Turley E A, Belch A J, Poppema S, Pilarski L M
Manitoba Institute for Cell Biology, University of Manitoba, Canada.
Blood. 1993 Jan 15;81(2):446-53.
Migration through extracellular matrix is fundamental to malignant invasion. A receptor for hyaluronan-mediated motility (RHAMM) has previously been shown to play a fundamental role in locomotion of ras-transformed cells as well as functioning in signal transduction. Expression of RHAMM was characterized on B lymphocytes from normal and malignant lymphoid tissues using multiparameter phenotypic immunofluorescence analysis as well as functional analysis of its role in locomotion of malignant hairy cell leukemia B cells. RHAMM is not detectable on most normal B cells located in blood, spleen, or lymph node, but it is detectable on bone marrow and thymic B cells. Among B-cell malignancies, it is expressed on most terminally differentiated B cells from multiple myeloma bone marrows, is present on a subset of non-Hodgkin's lymphomas, and is absent on B chronic lymphocytic leukemia. Activation of peripheral blood B cells by Staphylococcus A cowan (SAC), but not by pokeweed mitogen, induced transient expression of RHAMM at day 3 of culture, suggesting RHAMM may be used by antigen-activated normal B cells. For malignant cells, expression of RHAMM increased on long-term culture of bone marrow plasma cells from multiple myeloma patients, indicating prolonged expression in contrast to the transient expression on SAC-activated normal B cells. Intriguingly, RHAMM was expressed on hairy leukemia cells located in spleen but absent from those in peripheral blood of the same patient. RHAMM, as expressed on splenic hairy cells, was a 58-Kd molecule that binds hyaluronan, is encoded by a 5.2-kb messenger RNA, and participates in locomotion by these cells. Hairy cells locomoted in response to hyaluronan at 4 mu per minute. Monoclonal antibody to RHAMM inhibited this locomotion almost completely as detected using video time-lapse cinemicrography. These observations are consistent with a role for RHAMM in malignant invasion and metastatic growth.

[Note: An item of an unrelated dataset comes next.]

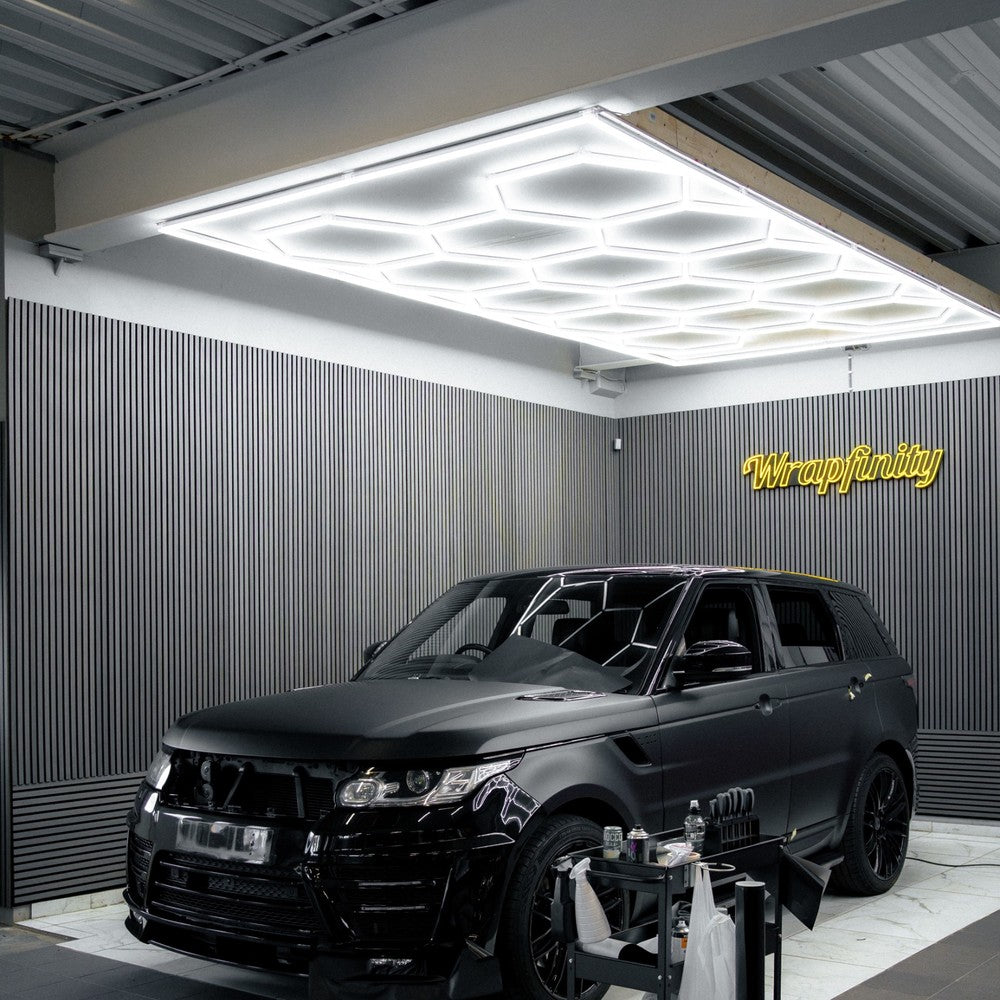 Hexagon LED 14 felter + ramme sæt - CRI90, 591W, inkl. strømtilslutning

通过细胞外基质迁移是恶性侵袭的基础。透明质酸介导的运动受体(RHAMM)先前已被证明在ras转化细胞的运动中起重要作用,并在信号转导中发挥功能。使用多参数表型免疫荧光分析以及其在恶性毛细胞白血病B细胞运动中的作用的功能分析,对来自正常和恶性淋巴组织的B淋巴细胞上的RHAMM表达进行了表征。在血液、脾脏或淋巴结中的大多数正常B细胞上检测不到RHAMM,但在骨髓和胸腺B细胞上可以检测到。在B细胞恶性肿瘤中,它在多发性骨髓瘤骨髓中大多数终末分化的B细胞上表达,在一部分非霍奇金淋巴瘤中存在,而在B慢性淋巴细胞白血病中不存在。用金黄色葡萄球菌A株(SAC)而非商陆有丝分裂原激活外周血B细胞,可在培养第3天诱导RHAMM的瞬时表达,提示抗原激活的正常B细胞可能利用RHAMM。对于恶性细胞,多发性骨髓瘤患者骨髓浆细胞长期培养时RHAMM表达增加,表明与SAC激活的正常B细胞的瞬时表达相比,其表达持续时间延长。有趣的是,RHAMM在位于脾脏的毛细胞白血病细胞上表达,但在同一患者外周血中的毛细胞白血病细胞上不表达。脾脏毛细胞上表达的RHAMM是一种58-kD的分子,可结合透明质酸,由5.2-kb的信使RNA编码,并参与这些细胞的运动。毛细胞对透明质酸的反应速度为每分钟4微米。使用视频延时电影显微镜检测发现,针对RHAMM的单克隆抗体几乎完全抑制了这种运动。这些观察结果与RHAMM在恶性侵袭和转移生长中的作用一致。